First-time dog owners are apt to make mistakes. Repeated slip-ups may lead to problems down the road. But some breeds (we call them easy), such as the Labrador Retriever, respond to gentle pressure, recover quickly from our blunders, forgive readily, and train fairly effortlessly. Other breeds have a reputation for independence, assertiveness, or even holding a grudge. And some, such as the Border Collie, train readily but require an especially high level of physical and mental exercise. For now, let’s label any and all of these breed types as complex, and give them the floor:
Let’s first toss out the overly used not for first-time dog owner phrase. That phrase suggests that once you’ve had dogs of any breed, you’re ready for multifaceted breeds such as me. But even if you’ve had five different easy breeds, you’ll need a specific understanding of my temperament, history, and training distinctiveness to have a successful relationship with me. I’m a 100-pound livestock guardian, developed in Hungary to guard horses, sheep, and cattle, often with no human direction. I also guarded noblemen, so my watchdog nature is fully developed. My family must learn to navigate my celebrated protective instincts. If you teach me specifically what isn’t threatening, I can socialize nicely with the outside world as well as my own people. Once we respect one another, we shall safeguard our family together.

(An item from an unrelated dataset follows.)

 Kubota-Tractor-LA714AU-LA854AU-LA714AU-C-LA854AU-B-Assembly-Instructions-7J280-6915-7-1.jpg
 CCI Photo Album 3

We herding breeds were bred to work with humans and care for animals, so we’re typically loyal, readily trained, and tolerant of (at least some) handler errors. But we ACDs are an especially tough, hard-working herding breed. Our concentration and deliberate work ethic may overwhelm inexperienced owners. Developed to handle the tough conditions and weather of Australia, we learned to move stubborn cattle by nipping at their heels. Because we were bred for all-day work stamina, we won’t be satisfied with a stroll around town. Potential owners with a passion for dog sport competitions, however, won’t be disappointed in our performances.
3. Lhasa Apso
Also called the Bark Lion Sentinel Dog, I was developed in Tibet as an indoor guard dog, watching over monasteries and calling in my cousins, the Tibetan Mastiffs, as backup when needed. Hardy and more than a mere lapdog, I was celebrated for bringing wealth and harmony to families. Today I still have an eye for watching out for danger, and I approach strangers with aloofness until I get to know them. I adore and love my owners fiercely, but I also appreciate time alone. Moreover, I have a mind of my own. I’ll follow my family’s lead if I deem them worthy, strong guides. Sometimes I use my significant intelligence to accomplish my own aims. Some of you impolitely call this “scheming,” but I call it brilliant.

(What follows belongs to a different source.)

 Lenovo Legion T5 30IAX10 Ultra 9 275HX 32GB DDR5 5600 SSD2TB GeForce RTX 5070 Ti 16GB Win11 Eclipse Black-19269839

If my keen intelligence, outstanding capability, and exceptional loyalty intimidates you, don’t invite me into your life. It’s no coincidence, after all, that the military uses us for their toughest missions. Originally a Belgian shepherd dog celebrated for protecting my flock as well as herding, I was developed to work at a high intensity and competence. My strong protection drive makes me a superior watch dog, and I’m gifted and talented in almost any dog sport. I require extensive exercise and focused training to help me Be All that I Can Be. And I can be a lot!

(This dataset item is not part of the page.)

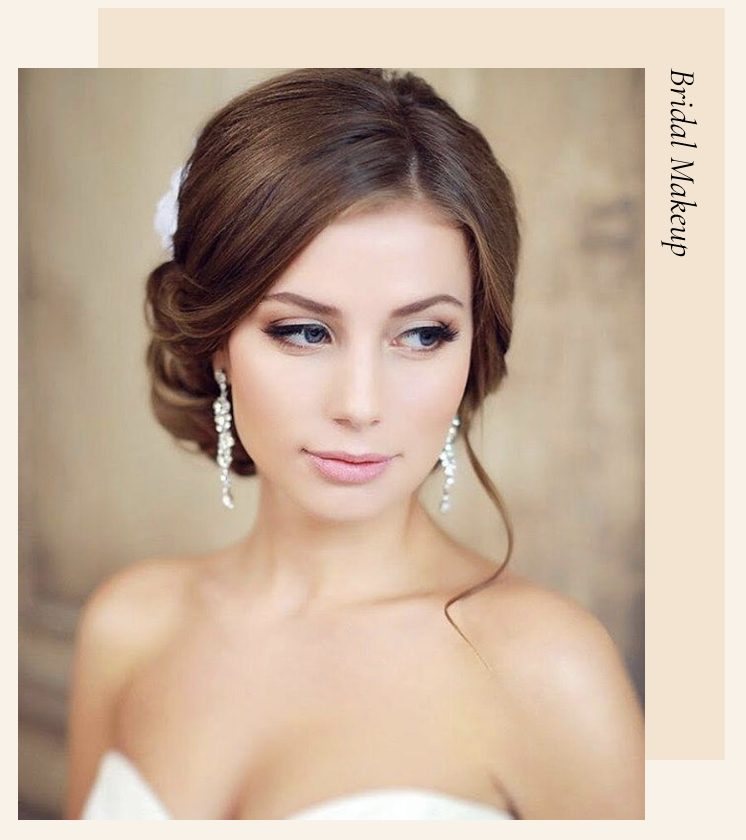 Screen-Shot-2026-01-09-at-13.51.03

Developed in England’s Valley of Aire, we hunted small game and guarded homes. In the World Wars, we delivered messages and found injured soldiers. My forefathers were among the first police dogs. We’re earnest, sincere, loyal, and independent problem-solvers. That’s code for: We may, or may not, require human assistance. Intelligent and trainable in general, we nonetheless don’t follow orders blindly. I tend to explore the reasons behind my owner’s requests. We thrive on exercise and purposeful living. If you can handle my abundant aptitude and terrific talents, I’ll make you a remarkable companion.